Du wirst mich bestimmt nicht belästigen, aber das weißt Du bereits. Wenn ich – insbesondere zu mir – ganz ehrlich bin, dann fühle ich mich … irgendwie, irgendetwas zwischen geschmeichelt und (ja!) geehrt; und gleichzeitig erkenne ich (was beileibe nicht einfach ist für mich, dieses Erkennen), daß ich wohl so einiges nicht falsch, sondern sogar richtig gemacht haben muß (Du darfst da gern auch anders darüber denken), denn ich bekomme Dein Vertrauen geschenkt. Ja, ich bin zur Zeit unbeweibt, Single, ohne … und ich glaube: auch ohne Aussicht darauf – es kann also sein, daß ich durch Dinge, die Du mir mitteilst, auch erregt werde. Doch es ist eben keine Belästigung, sondern eher das ganze Gegenteil. (Oh, wie kann ich manches so wundervoll verklausulieren: Ich will Einzelheiten, wollte ich schreiben, auch die unanständigen, wollte ich gestehen, als kleines Tüpfelchen auf dem I und als Futter für meine Phantasie, wollte ich betteln.)
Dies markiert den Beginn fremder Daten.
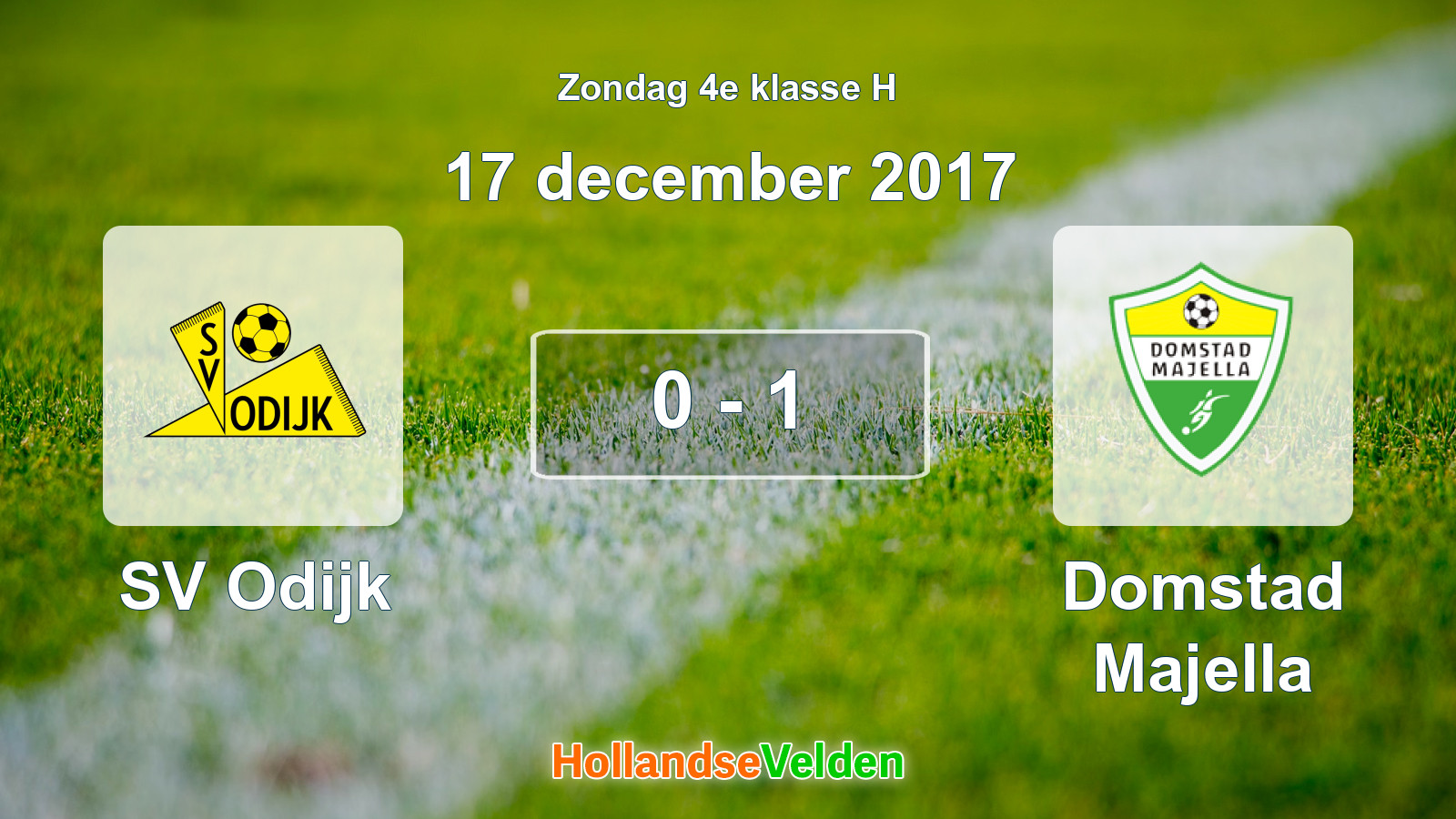 Gespeelde wedstrijd: SV Odijk - Domstad Majella 0 - 1 (17 december 2017)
Ich muß nur darauf achten, daß ich nicht in meine eigene Falle tappe, nämlich schnell in den Modus “Ratschläge austeilen” zu wechseln. Falls das geschehen sollte: Wehre Dich bitte dagegen. Bis auf diese Macke hoffe ich, Dir ein guter Leser und Zuhörer zu sein, vielleicht auch ein Ideenanschubser, heute und in Zukunft … Also schreib und sag mir, was Dich bedrängt, bedrückt, beschäftigt, freut. Ich werde lesen und zuhören, ohne mich lustig zu machen, ohne zu verurteilen, ohne abzuwerten. Nicht zu widersprechen kann ich allerdings nicht versprechen – damit aber, so hoffe ich, kannst Du gut umgehen. Ich will auch versuchen, auf mein “bei mir war’s schlimmer” zu verzichten und auf alle “Du mußt” und “Du sollst/solltest”. Und falls es doch einmal geschieht und ich Dich müssen oder sollen heiße, sei mir deswegen bitte nicht böse. Denn ich bin auch nur ein Mensch mit (An-)Gewohnheiten und Fehlern.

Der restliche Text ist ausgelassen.